Il padre di Fabrizio Barca, Luciano, è stato responsabile economico del PCI, e lui è stesso è stato membro di quella fucina di classe dirigente che è stata la Federazione dei Giovani Comunisti Italiani. Più ancora che sulla sua collocazione politica, tuttavia, vorrei soffermarmi su tre punti. Il primo riguarda proprio la necessità di riempire di contenuto l’espressione continuamente ripetuta, “classe dirigente”, nel contesto della storia dello sviluppo e dell’impresa in Italia. Un profondo conoscitore della società e dell’impresa italiana, Giulio Sapelli, ha pubblicato un pamphlet critico sul governo dei professori (si può leggere per intero su Linkiesta), in cui se la prende contro la “crudeltà istituzionale” del governo e scrive:

I professori italiani, come quelli europei e di tutto il mondo, vivono nell’iperuranio dell’astrattezza, in primo luogo gli economisti che troppo spesso sono solo professori e non intellettuali, con conseguenze ancor più umanamente devastanti: concepiscono i soggetti umani come cavie e non come persone.

Chi, come lo stesso Sapelli, ha letto “Storia del capitalismo italiano”, sa che questa definizione non si applica affatto a Barca, che i suoi lettori conoscono come intellettuale. In quel testo, l’economista parte dal progetto incompiuto di Raffaele Mattioli (che nel 2012 compie quarant’anni) dell’Associazione per lo studio della classe dirigente dell’Italia unita e compie un’analisi pregevole della fase “gloriosa” del capitalismo italiano secondo la categoria del compromesso senza riforme. È un saggio che consiglio a tutti quelli che sono interessati a capire le occasioni mancate dello sviluppo italiano, in un volume che spicca anche per la capacità del curatore di aggregare alcuni dei migliori studiosi che aiutano a comprendere il nostro Paese, da Franco Amatori a Marcello De Cecco. Analisi di questo genere segnalano, tra l’altro, che la risposta alla domanda cruciale “Come è fatta l’Italia e come è possibile cambiarla?” non deve giungere necessariamente dai consulenti di Boston Consulting Group o di McKinsey. Non è obbligatorio pagare profumatamente questa gente affinché ci insegni a pensare e a vivere sotto forma di report. La risposta può giungere anche da chi l’Italia l’ha girata di persona e, come nel test dell’ultimo libro di Charles Murray, ha magari messo almeno una volta piede in un capannone o in una stalla. E può venire da quei serbatoi, come la Banca d’Italia, in cui il nostro Paese, tra pregi e difetti, ha mostrato di poter produrre classe dirigente. Senza alcuna stupida presunzione autarchica e avendo sempre davanti l’errore del dopoguerra, quella “rinuncia a disegnare un meccanismo istituzionale che assicuri il rinnovamento del ceto dirigente”, altrimenti il “compromesso senza riforme” si trasforma in “nostalgia senza progetto”. Confortati da nuove testimonianze, ci ritroviamo ancora a celebrare il grande Raffaele Mattioli, senza sapere che fare, un po’ sconfortati.
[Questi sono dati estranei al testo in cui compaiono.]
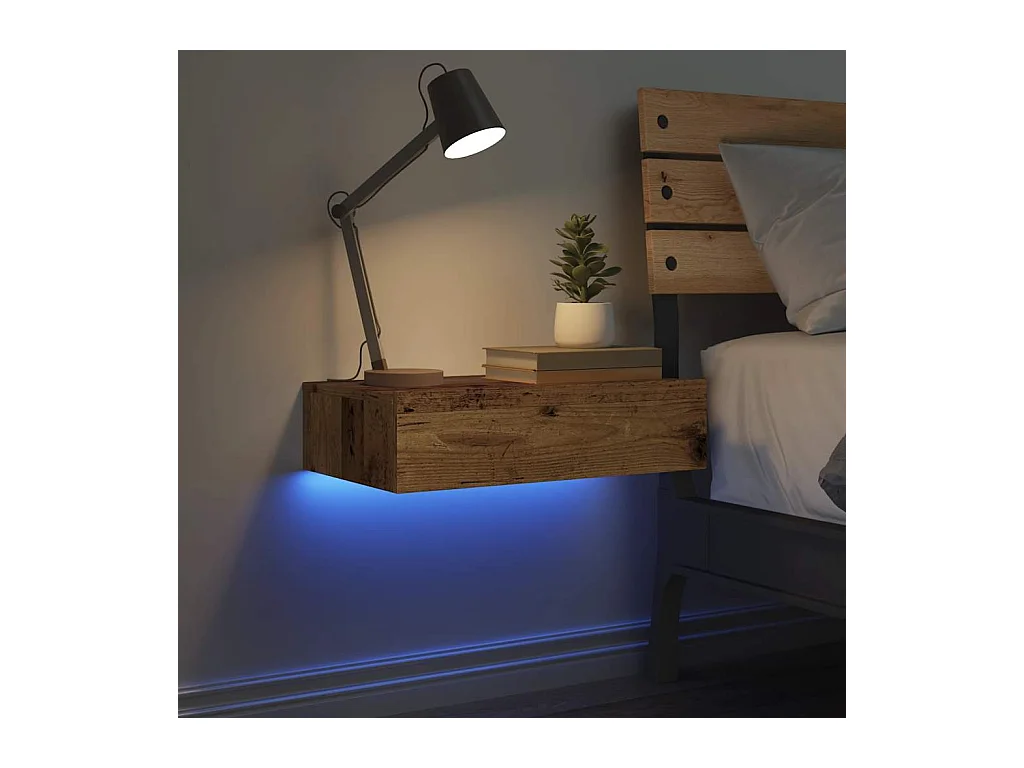 Mesilla de noche | Mesita de noche de madera antigua 60x35cm madera de ingeniería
Il secondo punto per cui abbiamo bisogno di “Clonare Fabrizio Barca” riporta all’articolo di Chiara Mazzone che abbiamo pubblicato a gennaio, “Ce la faremo a spendere i fondi europei nel 2012?”, a cui rinvio per maggiori approfondimenti. L’innesto tra interesse nazionale e politica europea è uno dei punti su cui Lo Spazio della Politica cerca di spendersi di più, fin dai contributi di Moris Gasparri e Matteo Minchio al nostro lavoro collettivo sull’Europa di tre anni fa. Già nel 2003, su Limes, Barca invitava a “prendere sul serio la politica di coesione comunitaria, attiva, con i suoi 30 miliardi di euro annui di dotazione” suggerendo per il Paese una mappa in quattro punti: per la competitività di tutte le regioni, meno aiuti di stato e addizionalità, difendere la “Maastricht del Mezzogiorno” e riformarne le regole, contenere il contributo finanziario netto dell’Italia. Dopo dieci anni, giornali come “Il Corriere della Sera” indicano con un cronometro il tempo trascorso dall’impegno dei presidenti delle camere per la riforma sul finanziamenti ai partiti. È un tema di rilievo e sentito fortemente dai cittadini, come quello che riguarda la legge elettorale. Allo stesso tempo, noi pensiamo che sia altrettanto urgente, seppur più faticoso da inserire nel dibattito pubblico, il cronometro dei fondi europei. Un tema non percepito, ma cruciale, perché dietro quel cronometro vi sono grandi, medie e piccole opere infrastrutturali, nuove imprese, percorsi di formazione, posti di lavoro, oltre alla questione dell’efficienza della nostra amministrazione pubblica. Dobbiamo anche pensare a questo, magari in una pausa dei nostri continui litigi, e a Sergio Fajardo, ex sindaco di Medellin, che negli edifici riqualificati nelle zone degradate delle città faceva appendere lo striscione “le vostre tasse sono qui!”. Anche questo sarà un mattoncino della coesione, che vince quando è più concreta della paura e del generico auspicio della bellezza della tassazione, e quando non si riduce al semplice catalogo delle cose da fare.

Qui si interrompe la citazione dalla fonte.